Huseyin Bagci, a foreign relations expert at the Middle East Technical University in Ankara (ODTU), mentioned the mutually-beneficial relationship which had until very recently existed between Turkey and the Kurdish leaders in northern Iraq.
Ankara had previously provided across-the-board support for the KRGI, building up the autonomy’s infrastructure and even paying salaries to local state workers.
“We are talking about more than 35,000 people working at more than 1,500 local companies and mutual assurances of friendship coming from Ankara and Erbil. Then comes the referendum and, almost overnight, the KRGI is seen by Turkey as an enemy. This is not what I call a balanced and sensible policy,” Bagci said in an interview with Sputnik Turkey.
“But even so, Ankara would have no legal right to intervene because this is a domestic Iraqi affair. Turkey could intervene if asked to by Baghdad, but this is highly unlikely. Turkey could use economic sanctions, but they would backfire.
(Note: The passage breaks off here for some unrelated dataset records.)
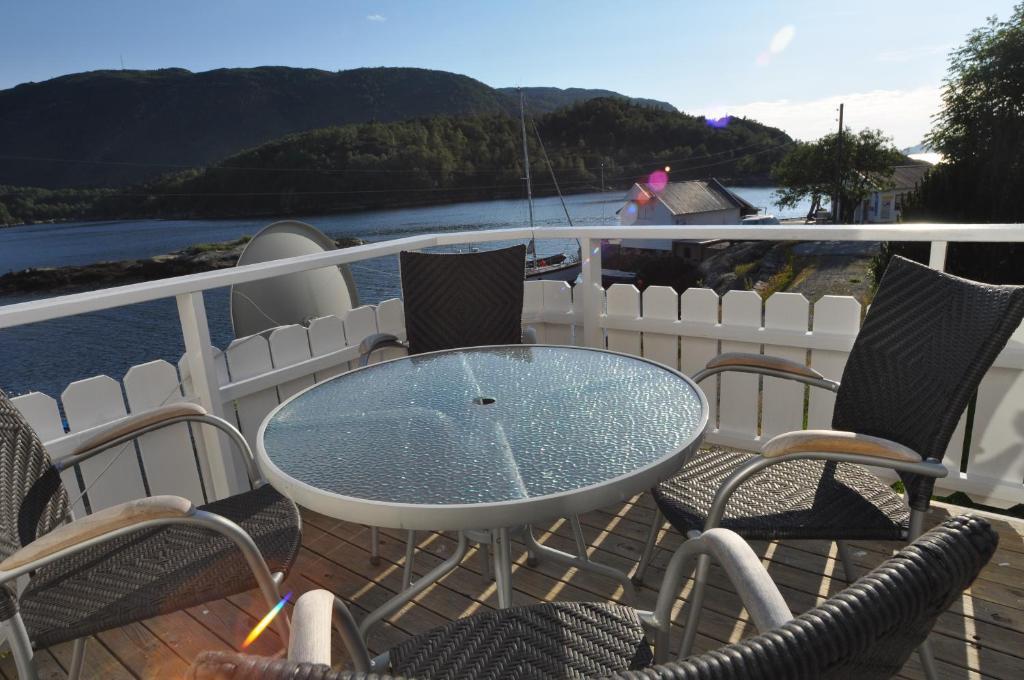 Gulen Dive Resort Dalsoyra Экстерьер фото
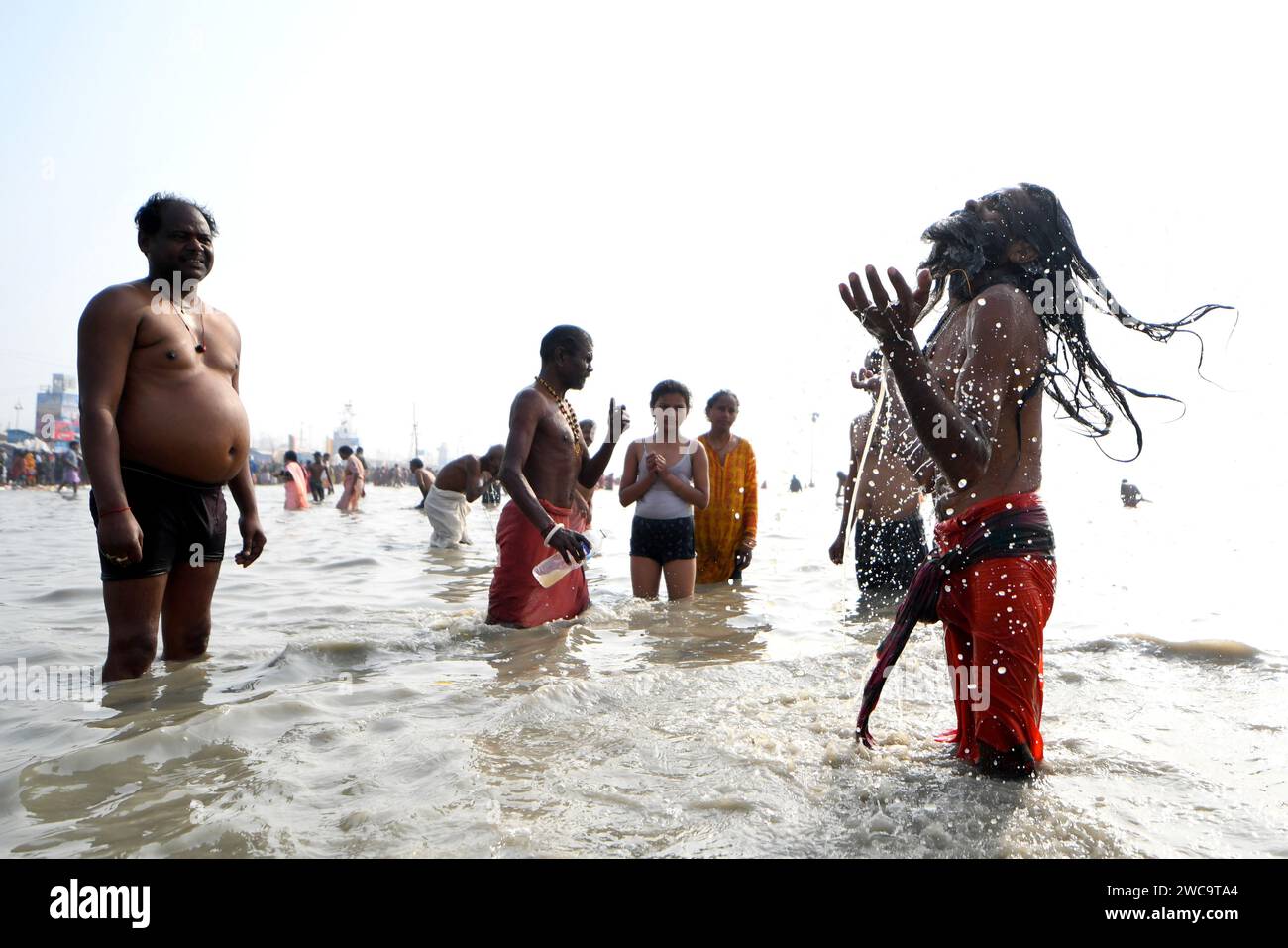 Sagar Island, Indien. Januar 2024. Ein indischer Sadhu nimmt während des Gangasagar Festivals ein Heiliges Bad. Gangasagar ist einer der religiösen Orte für die Hindu-Pilger in der Bucht von Bengalen, wo jedes Jahr Millionen von Gläubigen während Makar Sankranti (Übergang der Sonne) ein Heiliges Bad nehmen, wie im Hindu-Kalender festgelegt, und Gebete für den Kapil Muni Tempel abgeben. Der Termin für dieses Festival liegt in der Regel zwischen dem 13. Und 15. Januar eines Jahres. (Foto: Avishek das/SOPA Images/SIPA USA) Credit: SIPA USA/Alamy Live News Stockfoto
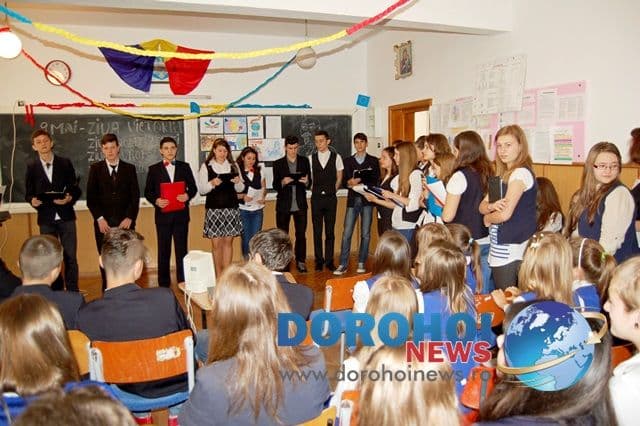 9 Mai - sărbătorit la Școala Gimnazială „Mihail Kogălniceanu” Dorohoi - FOTO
In any case, Ankara will not intervene militarily because this would mean a direct confrontation with America and Israel which support the KRGI,” Huseyin Bagci said.
He added that that despite its angry rhetoric, Ankara will have to engage in lengthy political horse-trading with Barzani who has been a close partner for too long to be ignored.
“Neither side is now in a position to become enemies,” Huseyin Bagci concluded.
Iraqi authorities said that the referendum was not legitimate and stressed that they would not conduct talks with the authorities of Iraqi Kurdistan on the issue of the vote.
Russia supports Iraq's territorial integrity and calls for both Baghdad and Erbil to resolve all their disagreements by peaceful means.